Microsoft will let users of Windows XP, Vista and Windows 7 PCs upgrade to the new Windows 8 Pro for $39.99 (around £25) later this year.
Even though he declined to label the price as "aggressive," analyst Stephen Baker of the NPD Group acknowledged that it signaled Microsoft seriousness about getting as many people as possible to adopt the new operating system.
"It's even more important this time around," said Baker, referring to the gamble Microsoft is taking with the dramatically different Windows 8 and its new Metro user interface UI.
The deal kicks off when Microsoft launches Windows 8 later this year, and offers the most advanced retail version of the new OS, Windows 8 Pro, as the upgrade.
Microsoft has yet to divulge the release date for Windows 8 or the regular prices of either Windows 8 Pro or the lower-cost Windows 8. Most analysts expect the company to debut its newest Windows for Intel- and AMD-powered desktops, notebooks and other devices this fall. If the company makes its "release to manufacturing," or RTM, milestone later this month, as seems likely, it could launch the OS in October.
The announcement follows the one four weeks ago when Microsoft said it would sell a $14.99 upgrade to Windows 8 Pro to buyers of new PCs equipped with the still-current Windows 7. That deal, like today's, is good through January 31, 2013.

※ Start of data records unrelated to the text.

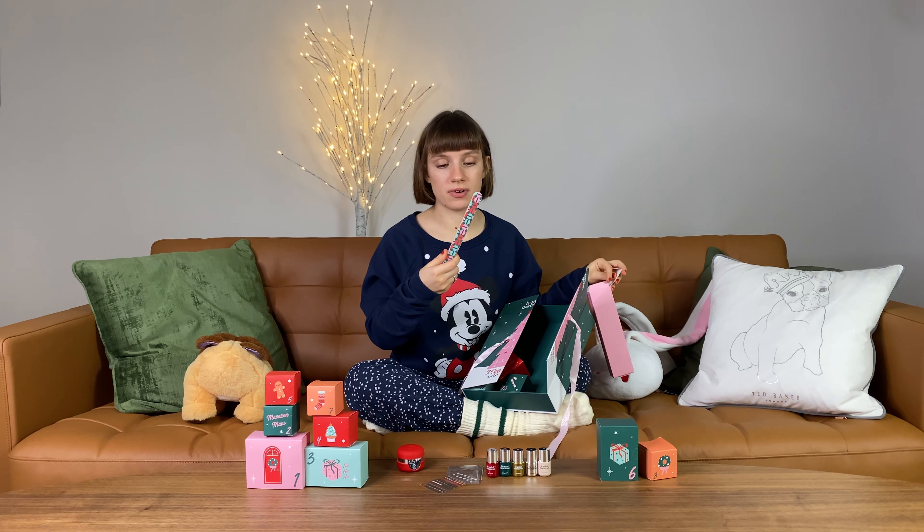The only color I feel like I will not be wearing a lot is the golden one — the rest I would definitely use. I hope you enjoyed this little video and I hope you enjoy your holidays. Thank you for coming!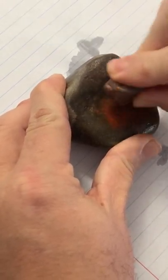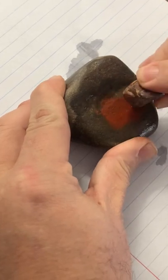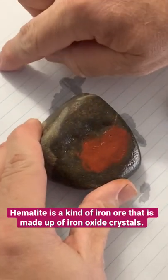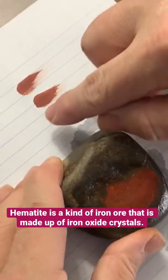They would take a wet stone and grind the hematite on the stone until it formed a red paste. Once they got this paste, they could use it to decorate their arrow shafts, pottery, maybe their face, or whatever else they would use or need paint for.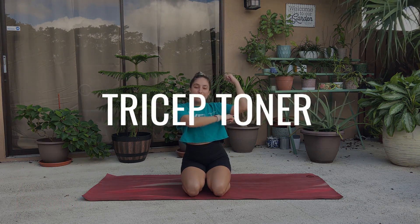Hello, my beautiful people. Coach Gabby here, and today I have an awesome tricep toner routine.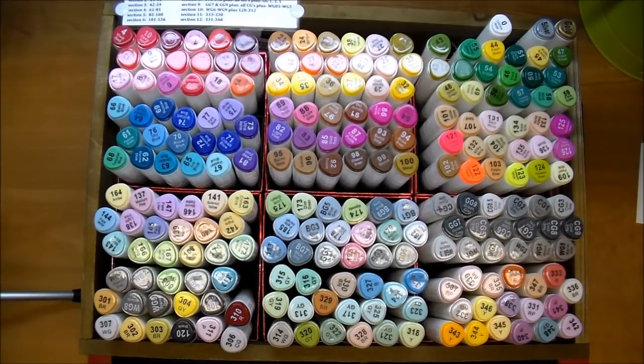Hi, it's Corrine, and today I thought I would do a review of Touch 5 markers. These are an alcohol-based marker, and I will link below the eBay seller that I purchased mine from. I was very happy with the seller. I'm not sure if she still has these in or not, but if you search for Touch 5 markers, you can find lots of places that sell them.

Although the new offer is open to customers with PCs powered by XP, Vista or Windows 7, the upgrade is most thorough from Windows 7, Microsoft said.
"You will be able to upgrade from any consumer edition of Windows 7 to Windows 8 Pro and bring everything along which includes your Windows settings, personal files, and apps," said company spokesman Brandon LeBlanc.

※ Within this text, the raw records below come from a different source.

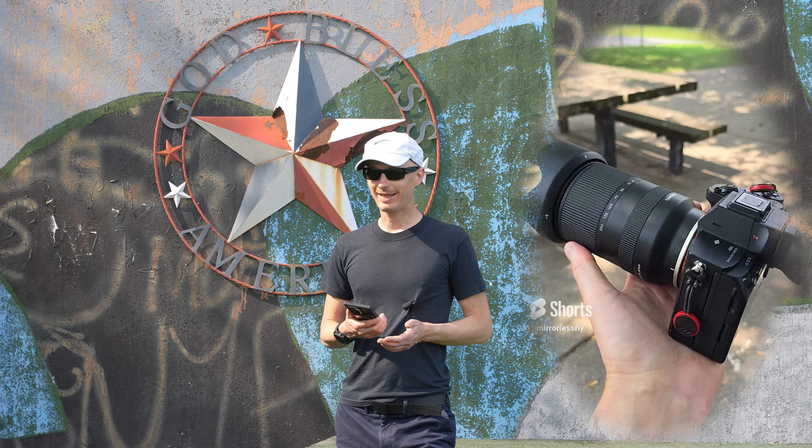The price is somewhat affordable, especially if you wait for a discount or a holiday sale. Minimum focus distance is impressive — I had other three Tamron lenses and they were all having that kind of similar macro-like ability to focus.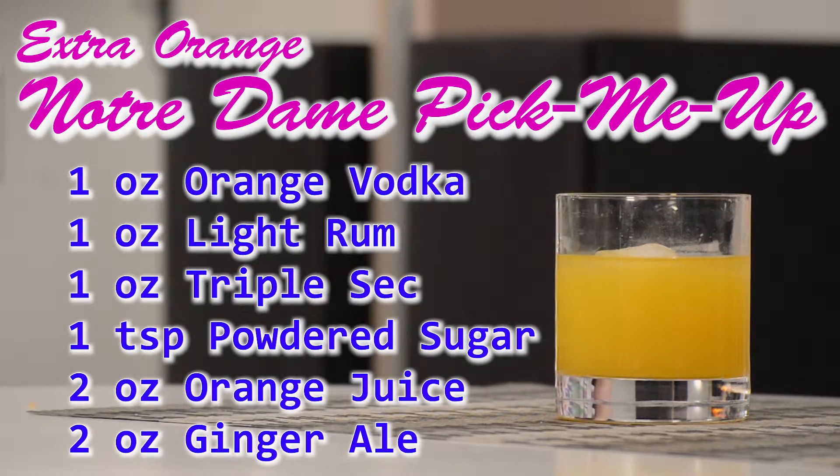For this version we used one ounce of orange vodka, one ounce of light rum, one ounce of triple sec, a teaspoon of powdered sugar, two ounces of orange juice, and two ounces of ginger ale.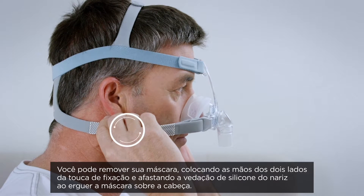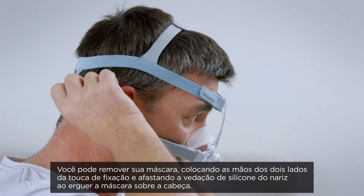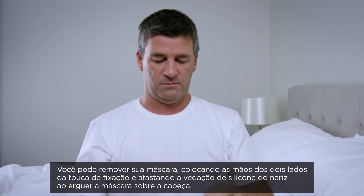You can remove your mask again by placing your hands on either side of the mask frame and pulling the silicone seal off your nose and lifting the mask back over your head.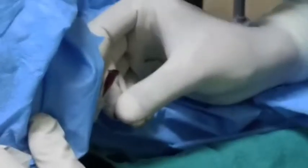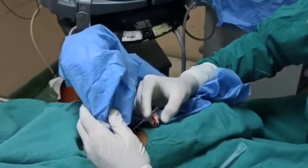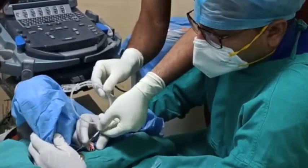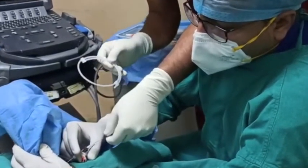You can identify the vein and puncture it. You can see the free flow of blood coming out. Then we put the guide wire into the introducer needle.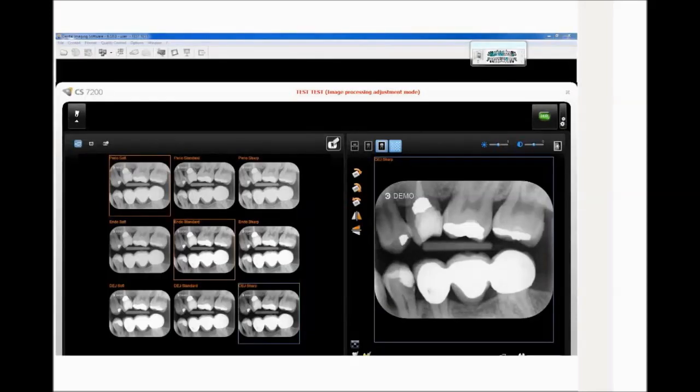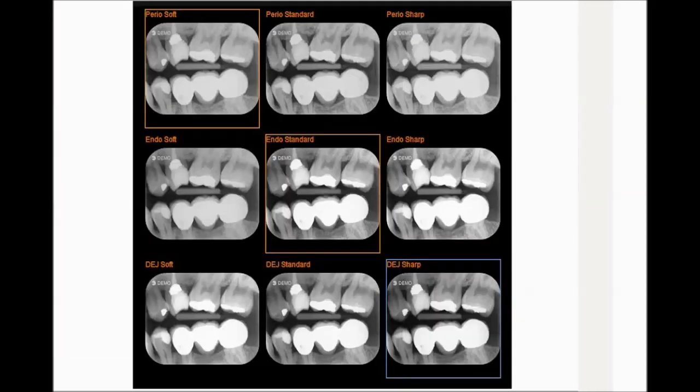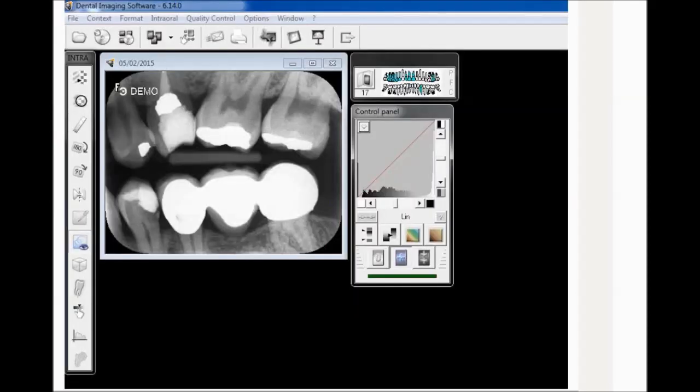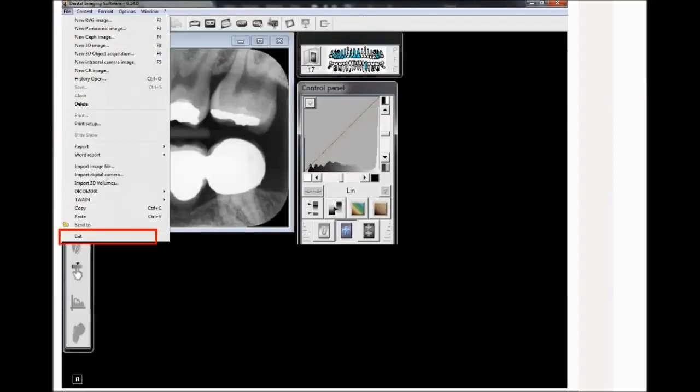Select the preferred look for each image of the dental structure. The selected look is shown in an orange frame. The last selected image is in a blue frame and is set as default. Close the window. The selection confirmation window is displayed. Verify the default filter in dental structure selection. Select the default resolution. Click OK to confirm and save the selection, then click OK again. The Dental Imaging Software window is displayed. Click File, then Exit to close the software. This is the end of the adjustment procedure — the scanner is now ready.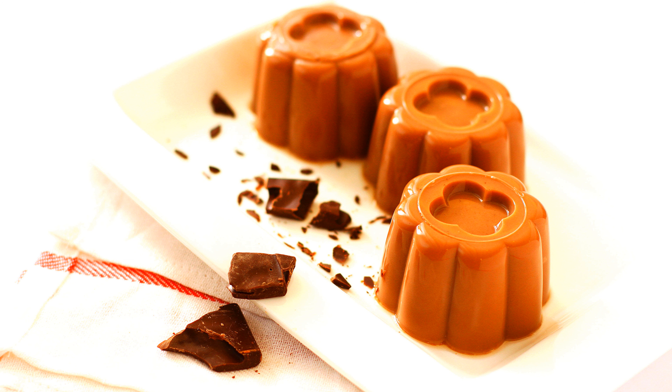Soften the gelatine in a little cold water and pour the boiling mixture over it. Stir until dissolved, then add sugar and vanilla.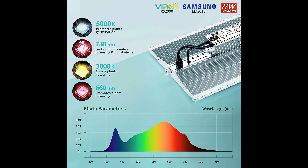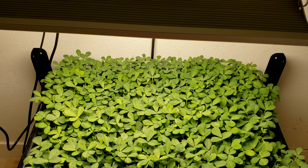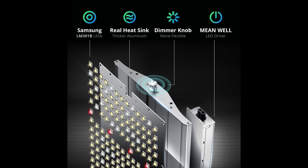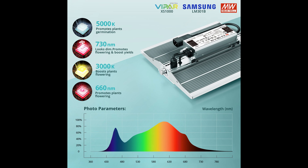In today's episode we will take a look at the Vipar Spectra XS2000 LED grow light. We will look at its performance and features, and we will announce a giveaway for one lucky winner that will get a Vipar Spectra XS1000 LED grow light. So stick around till the end to know the giveaway details.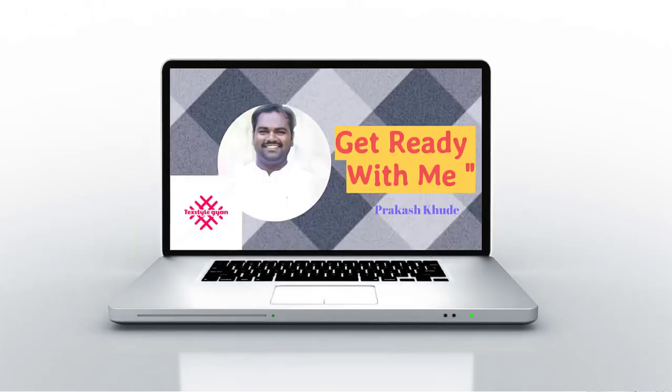Hello friends, welcome to my channel, TextileGyan. I am Prakash Kude, Assistant Professor in EML Textile Engineering College, Pilwada, Rajasthan.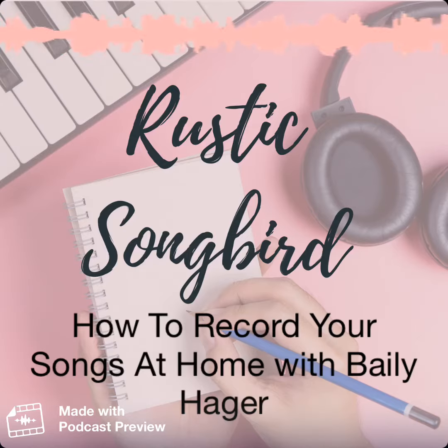I'm your host Lydia Walker, and in this interview I talk to Bailey Hager about her setup to record her own songs at home. This is a must-listen if you're looking for great quality but low-cost options for recording your own demos. We get into the nerdy details of the equipment you need, the hardware, and the software. Bailey explains and simplifies the process for you if you're just getting started recording at home. You can find out about more resources on the website, which is rusticsongbird.com slash resources, and I've linked a lot of the equipment that we talk about in this interview. I hope you enjoy this show. Let's get into it.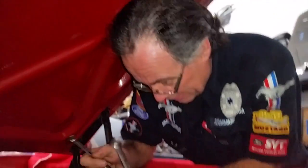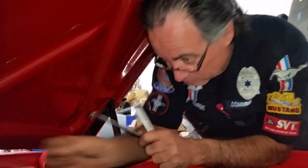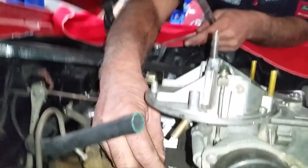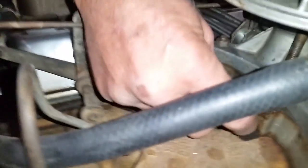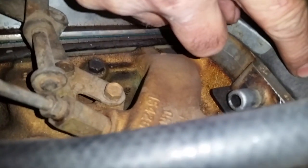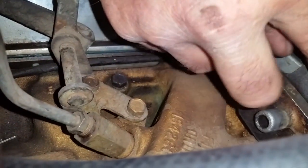On this particular one, we have one hose here which comes from the power brake booster, but it goes down to the adapter plate down here on the bottom. It comes right down to the back side, so we don't have any more ports on the back here except for that one.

That fits with what Microsoft had told users when it launched Windows 8 Consumer Preview last February, and what reports said had been passed along to partners last week.
The $39.99 fee is for a download of the Windows 8 Pro upgrade. Microsoft will also sell a DVD in a box at retail for $69.99.

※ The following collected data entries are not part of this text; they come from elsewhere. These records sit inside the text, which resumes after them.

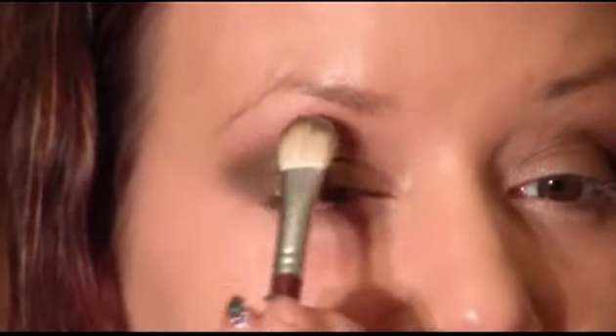Now I'm just going to pick up some of the color Brulee with a fluffier shader brush, and I'm going to use that to blend out above those colors and use it as a highlight on my brow bone. I'm just going to soften around everything.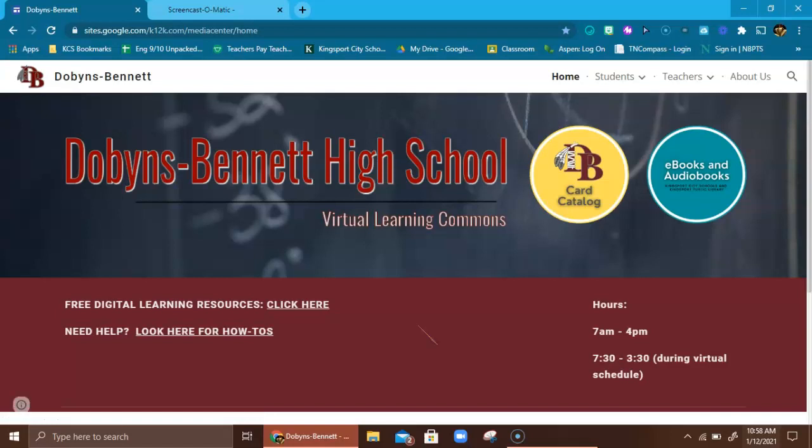This is the DB Library home page. They have created two buttons for you. The yellow one is if you want to check out a physical book from the Dobbins Bennett Library. If you want to do that, you simply click there.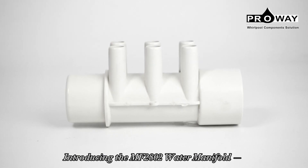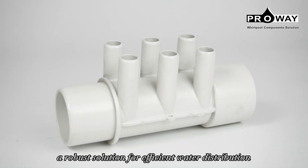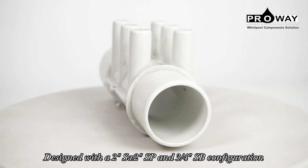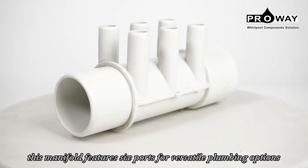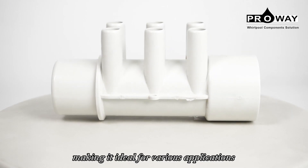Introducing the MF-2802 Water Manifold, a robust solution for efficient water distribution. Designed with a 2SX, 2SB and 3 quarters SB configuration, this manifold features 6 ports for versatile plumbing options, making it ideal for various applications.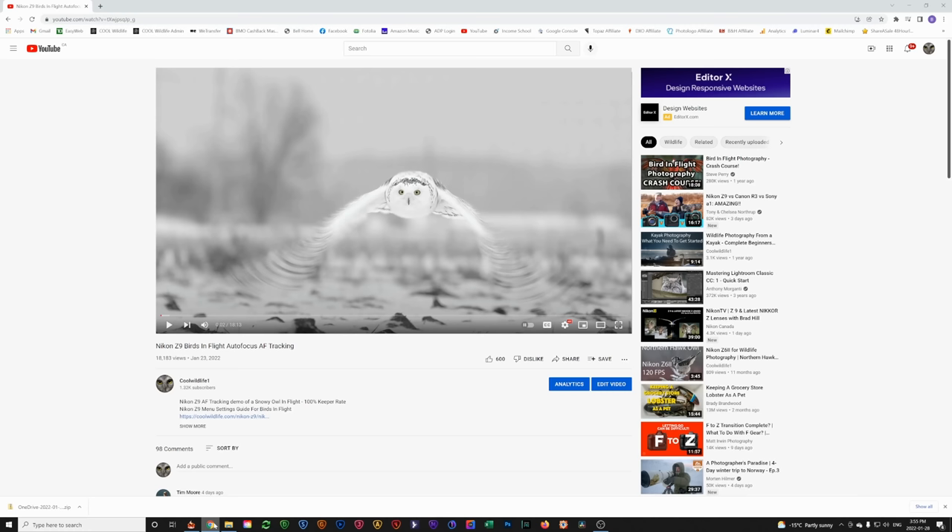Howdy folks, it's Bill here from CoolWildlife.com. Last week I posted a video showing the Nikon Z9's autofocus AF tracking on snowy owls — in bright sunlight and at sunset in low light. Of the 130 images, pretty much 100% were bang-on sharp on the eye. But a few people commented that any camera could track a bird in flight when there are no background or foreground branches to get in the way. Challenge accepted. I went to my local duck pond to test this.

The download price is $10 less than Microsoft charged for a Windows 7 upgrade three years ago. Then, the company ran a two-week pre-sale for $50 upgrades to Windows 7 Home Premium, a 58% discount, and for $100 upgrades to Windows 7 Professional.
"I would call this a fair price, but aggressive? No, given what other operating system upgrades cost," NPD's Baker said. "Many are free or cheaper than that."
Among free upgrades, Baker cited those offered by Apple and Google for their iOS and Android mobile operating systems. Apple's upgrade later this month to OS X Mountain Lion will cost $19.99, half that of Windows 8 Pro.
Microsoft has little incentive to lower its prices to near Apple's, said Baker, because ultimately it really wants people to buy new hardware, not upgrade already-purchased machines.
"Over time, we're seeing less and less movement directly to a new OS versus buying new hardware," said Baker. "It behooves Microsoft to get people to move to new hardware, so they're not going to make an upgrade extraordinarily cheap."
That's especially true this cycle because of Windows 8's emphasis on touch and gestures, which has prompted computer makers - "original equipment manufacturers," or OEMS in industry parlance - to plan new, touch-enabled hardware, including so-called "convertibles," or devices that blend elements of both tablets and laptops.
"This upgrade cycle is even more about hardware," Baker said. "Microsoft wants people to get off XP and into the new different types of hardware."
Microsoft's focus on downloads rather than brick-and-mortar sales - the boxed copy comes with a 75% surcharge - is also indicative of trends, said Baker. "They can't ignore the retail piece, but given the state of broadband and how people buy most software now, the emphasis on downloads is a fact of life," he said. "It's just another part of the movement away from disk-based sales."
Although retail has typically welcomed Windows upgrades as a way to get customers into store, brick-and-mortar won't automatically rue Microsoft's decision to push downloads, Baker added.
"They'll try to drive hardware sales," he said. "There are bigger dollars there, and more opportunities to sell add-ons."
Microsoft will uses its Windows.com website to sell and distribute the Windows 8 Pro upgrade in 131 different markets and in 37 languages.